Below are the records; copy exactly the stretch from the line containing "Chaerophyllum temulum L., Western" through the line containing "BEATS* for BUDGET", both ends included, and nothing else.

RECORDS PROVIDED Block Start

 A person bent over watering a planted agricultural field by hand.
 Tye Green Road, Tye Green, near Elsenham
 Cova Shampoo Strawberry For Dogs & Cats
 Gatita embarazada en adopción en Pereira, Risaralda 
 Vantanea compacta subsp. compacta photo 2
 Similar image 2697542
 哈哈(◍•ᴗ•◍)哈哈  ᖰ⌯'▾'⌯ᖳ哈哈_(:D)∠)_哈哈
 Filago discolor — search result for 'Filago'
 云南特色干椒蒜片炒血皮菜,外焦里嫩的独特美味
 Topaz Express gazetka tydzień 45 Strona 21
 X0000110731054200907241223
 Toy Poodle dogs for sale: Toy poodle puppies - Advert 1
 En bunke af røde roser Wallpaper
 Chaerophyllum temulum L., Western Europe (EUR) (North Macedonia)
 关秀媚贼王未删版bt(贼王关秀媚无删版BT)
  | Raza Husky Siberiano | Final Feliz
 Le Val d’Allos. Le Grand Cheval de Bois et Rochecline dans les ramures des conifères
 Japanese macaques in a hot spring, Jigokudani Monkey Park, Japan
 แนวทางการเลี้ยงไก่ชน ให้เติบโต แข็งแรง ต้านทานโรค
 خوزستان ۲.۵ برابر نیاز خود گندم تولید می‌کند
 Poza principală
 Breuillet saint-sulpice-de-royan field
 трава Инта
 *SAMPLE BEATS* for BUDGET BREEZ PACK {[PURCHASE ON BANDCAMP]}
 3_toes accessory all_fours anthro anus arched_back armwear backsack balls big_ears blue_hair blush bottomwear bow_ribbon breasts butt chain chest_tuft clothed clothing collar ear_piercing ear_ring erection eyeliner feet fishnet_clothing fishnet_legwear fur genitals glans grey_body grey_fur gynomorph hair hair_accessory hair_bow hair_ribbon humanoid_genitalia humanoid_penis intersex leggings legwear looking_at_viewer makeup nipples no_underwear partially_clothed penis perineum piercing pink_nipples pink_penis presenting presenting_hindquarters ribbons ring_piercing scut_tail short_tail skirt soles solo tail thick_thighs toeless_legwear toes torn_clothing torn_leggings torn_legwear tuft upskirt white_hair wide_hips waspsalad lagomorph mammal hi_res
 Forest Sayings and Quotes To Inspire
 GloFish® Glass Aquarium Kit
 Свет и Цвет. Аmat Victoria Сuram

RECORDS PROVIDED Block End

RESULT OF THIS EXERCISE
 Chaerophyllum temulum L., Western Europe (EUR) (North Macedonia)
 关秀媚贼王未删版bt(贼王关秀媚无删版BT)
  | Raza Husky Siberiano | Final Feliz
 Le Val d’Allos. Le Grand Cheval de Bois et Rochecline dans les ramures des conifères
 Japanese macaques in a hot spring, Jigokudani Monkey Park, Japan
 แนวทางการเลี้ยงไก่ชน ให้เติบโต แข็งแรง ต้านทานโรค
 خوزستان ۲.۵ برابر نیاز خود گندم تولید می‌کند
 Poza principală
 Breuillet saint-sulpice-de-royan field
 трава Инта
 *SAMPLE BEATS* for BUDGET BREEZ PACK {[PURCHASE ON BANDCAMP]}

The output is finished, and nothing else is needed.